As can be seen from the calculation processes of the above equations (2) to (5), when calculating the contraction factor of the neural network model, the quantization module 110 calculates the contraction factor by using only the absolute value of the weight parameter of the neural network model, the positive and negative values of each weight parameter in the neural network model are not considered, that is, the influence of the positive and negative values of the weight parameter on the convolution result is not considered, and it can be understood that, since the positive and negative values of the weight parameter are not considered, when the absolute value of the negative value in the weight parameter is smaller than the absolute value of the positive value in the weight parameter, when the quantization module 110 calculates the shrinkage factor using the above equation (2), a larger shrinkage factor is obtained, and when the quantized weight parameter is calculated using the larger shrinkage factor, the quantization scale of the neural network is reduced, and the neural network model with larger scale is still not beneficial to be transplanted to the electronic equipment with limited resources.

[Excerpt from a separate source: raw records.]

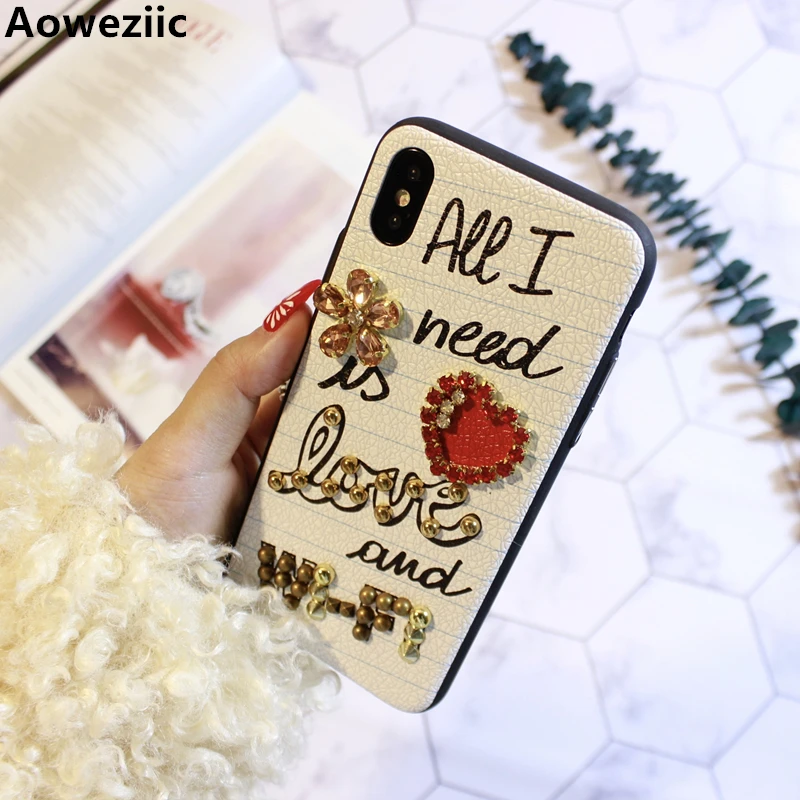 Aoweziic Luxury Love WiFi willow nail extravagant drill For iphone X XR XS MAX mobile phone shell 6s 7 8Plus protection sleeve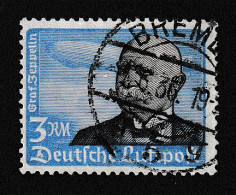 3. Reich: 3 RM Graf Zeppelin Mit Waager. Gummierung,  Gest., Gepr. Schlegel  - Varietà & Curiosità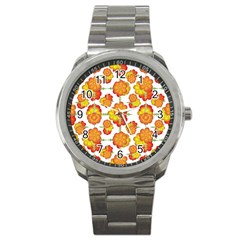 Colorful Stylized Floral Pattern Sport Metal Watch by dflcprints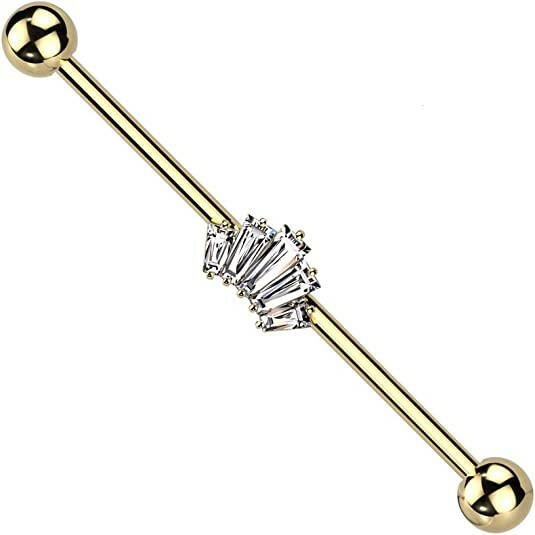 Surgical Steel Baguette CZ Crown Industrial Barbell Industrial Barbell Impulse Piercings Gold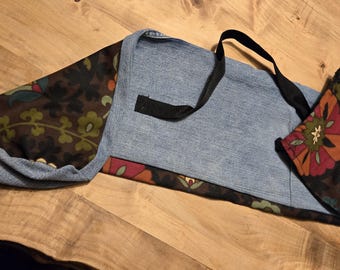 Camp Chair Bag Upcycled Denim & Upholstery Fabric Elastic Drawstring Closure Hand-Made Unique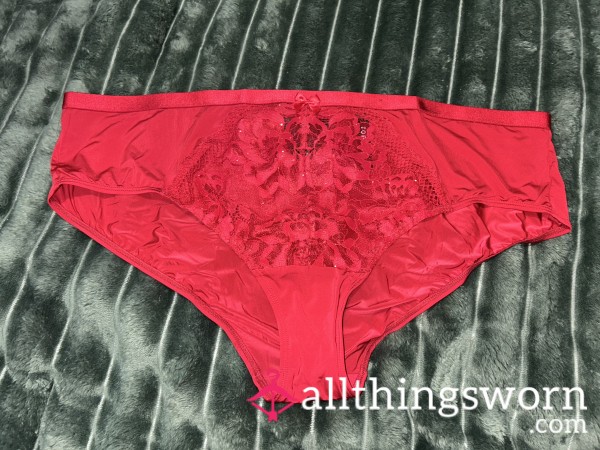 ~s**Y RED LACE FRONT SPARKLED SATIN CHEEKY PANTY~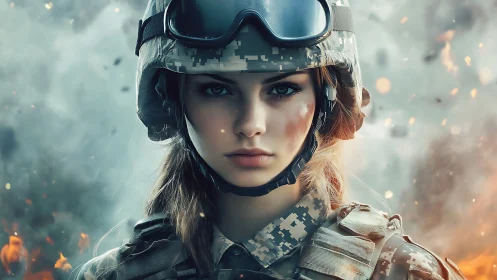 Female soldier portrait in digital camo amid explosions.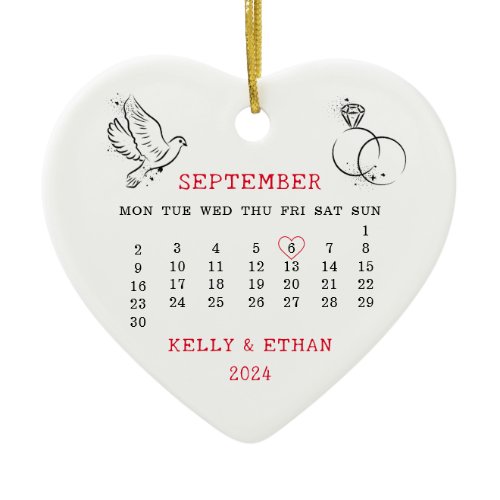 Heart Calendar Married Fall 2024 Ceramic Ornament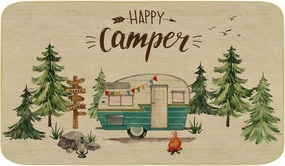 Comfoyar Camper RV Door Mat, Happy Camper Floor Mat, Welcome Rug With Rubber Backing for Shoe Scraper, Non Slip, Easy to Clean for Outside Camper Decor (17"x 30")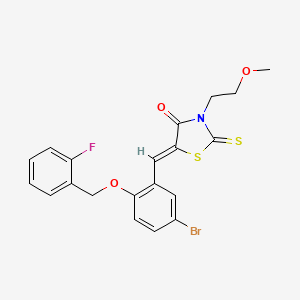 molecular formula C20H17BrFNO3S2 B5002207 5-{5-bromo-2-[(2-fluorobenzyl)oxy]benzylidene}-3-(2-methoxyethyl)-2-thioxo-1,3-thiazolidin-4-one 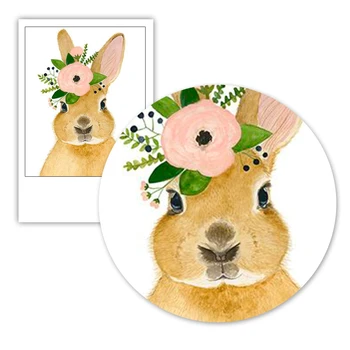 Zajček Zajec z Rožo Krono Gozdnih Živali Tiskanje Vrtec Živali Art Dekor Cvetlični Stenske Slike Za Otroke Sobe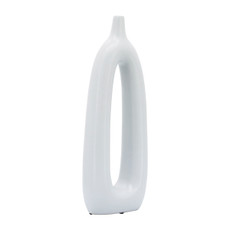 16848-02#Cer, 14"h Open Cut-out Vase, White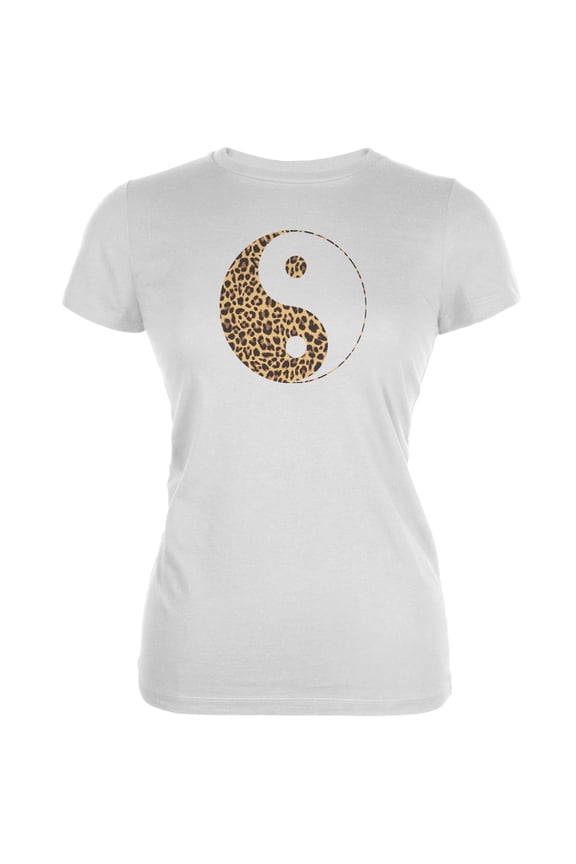 Cheetah Print Yin Yang White Juniors Soft T-Shirt - Small
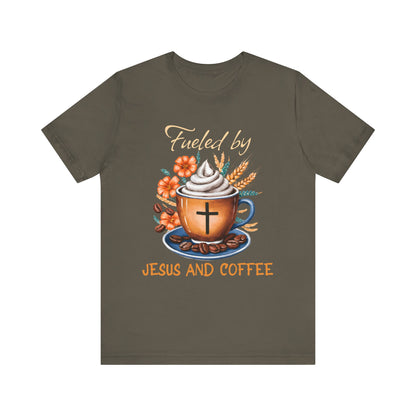 Fueled by Jesus & Coffee Shirt – Christian Faith God Cross Cup Tee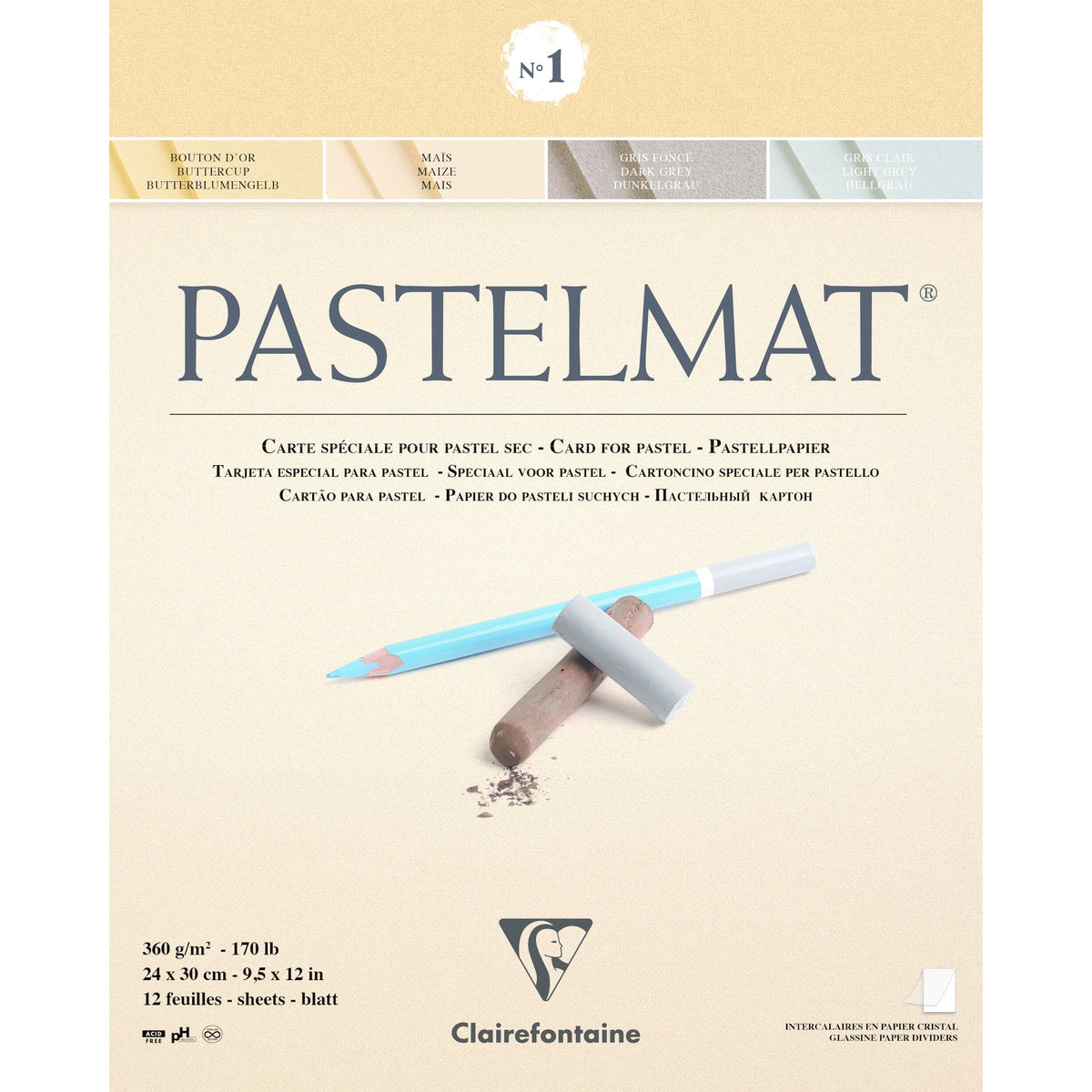 Clairefontaine Pastelmat blok č. 1 360 g 12L x 30 cm lepený – 24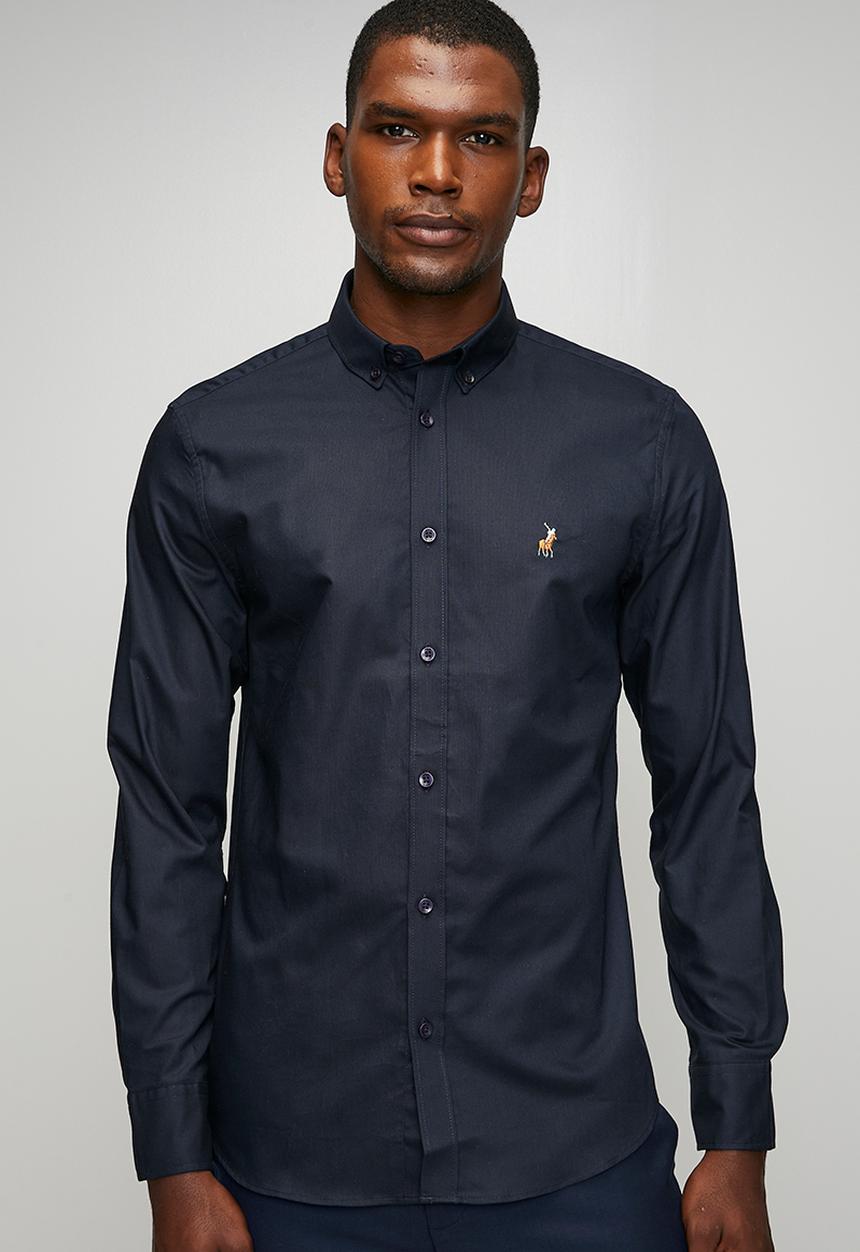 POLO - Iman Classic Oxford Long sleeve Shirt - Navy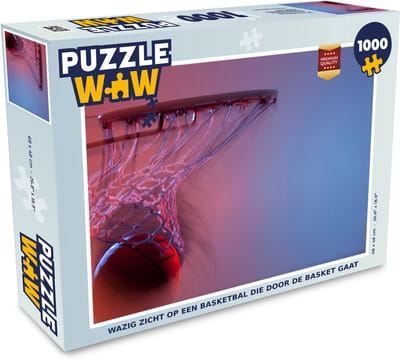 Puzzel Wazig zicht op een basketbal die door de basket gaat - Legpuzzel - Puzzel 1000 stukjes volwassenen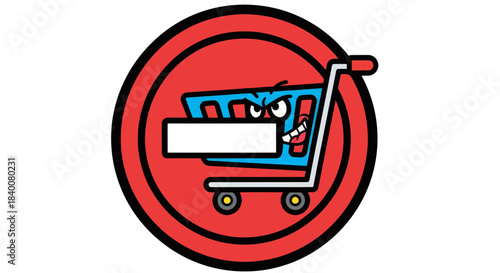 Angry Shopping Cart Icon Inside Red Circular Frame Depicting a Shopping Frenzy
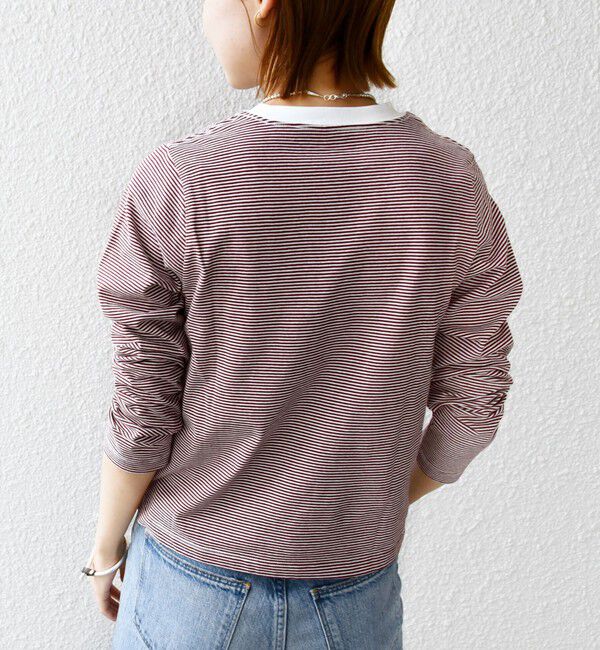 SHIPS for women「【WEB限定】〈洗濯機可能〉刺繍 デザイン ボーダー リンガー TEE」|Tシャツ・カットソー|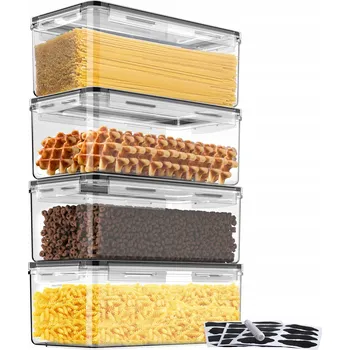 Dóza na potraviny DÓZY NA POTRAVINY 3,2L SADA 4 KUSŮ PLASTOVÉ KUCHYŇSKÉ NÁDOBY BEZ BPA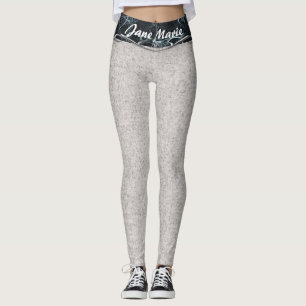 Legging Caneleiras cinzas e preto da ioga do desenhista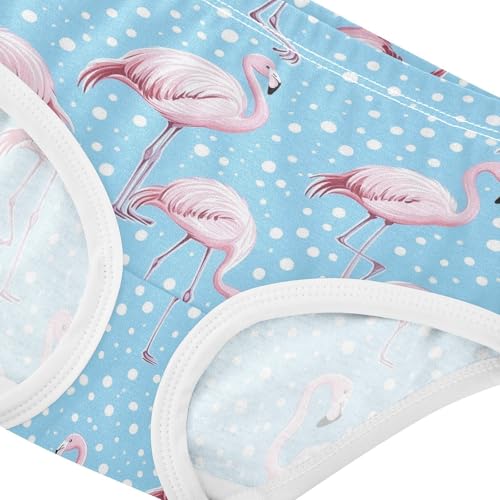 Wusikd Flamingo Cute Girls' Underwear Cotton Cartoon Blue Girls Briefs Soft Toddler Underwear 2T4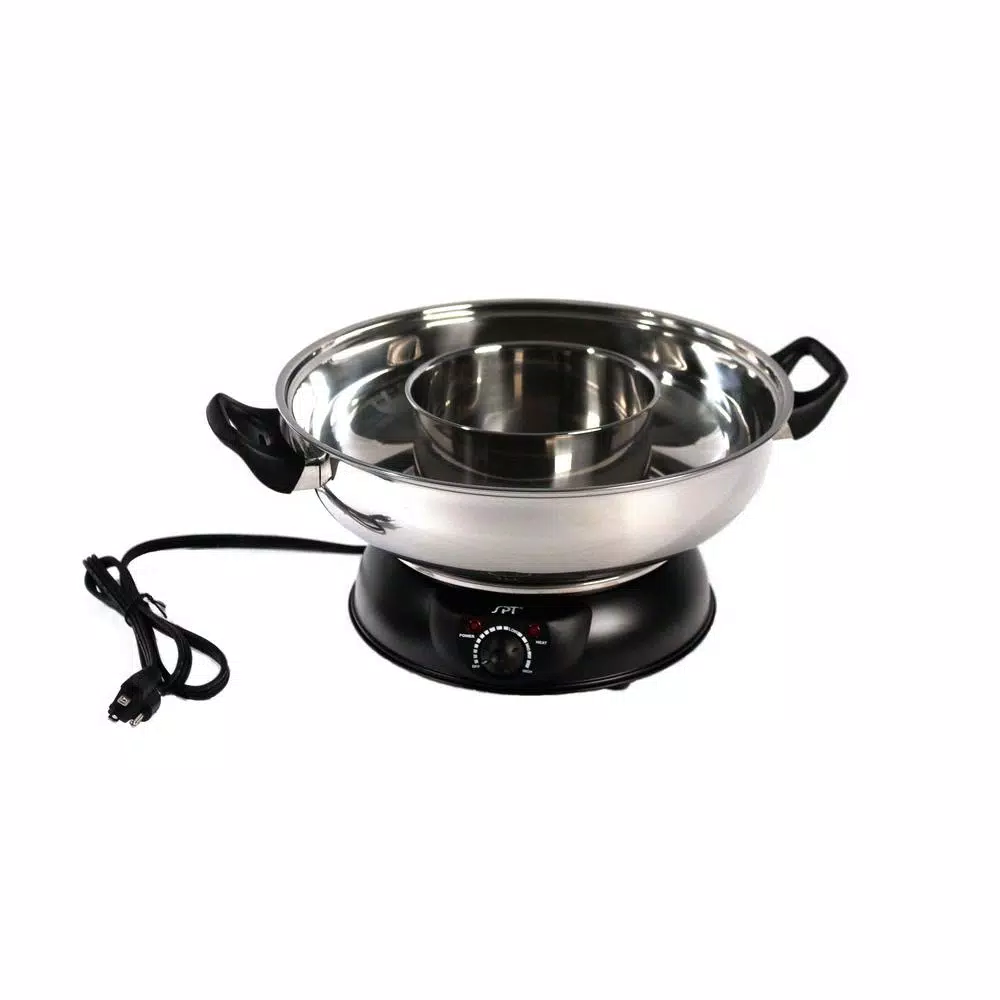 SPT Electric Multi-Cooker Shabu Shabu Hot Pot with 2-Compartment Stainless Steel Bowl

And, the sign of each weight parameter in the neural network model is used to distinguish whether the corresponding element is the target element, and more specifically, taking the example that the electronic device uses the neural network model to detect the target object Q shown in fig. 3, the weight parameter corresponding to the pixel within the range of the outline L of the target object Q is a positive value (or a negative value), while the weight parameter corresponding to the pixel outside the range of the outline L of the target object Q is a negative value (or a positive value), if the sign of the weight parameter is not considered, the quantization result of the weight parameter inside and outside the range of the outline L in the graph is affected, and the accuracy of the neural network model for detecting the target object Q is reduced.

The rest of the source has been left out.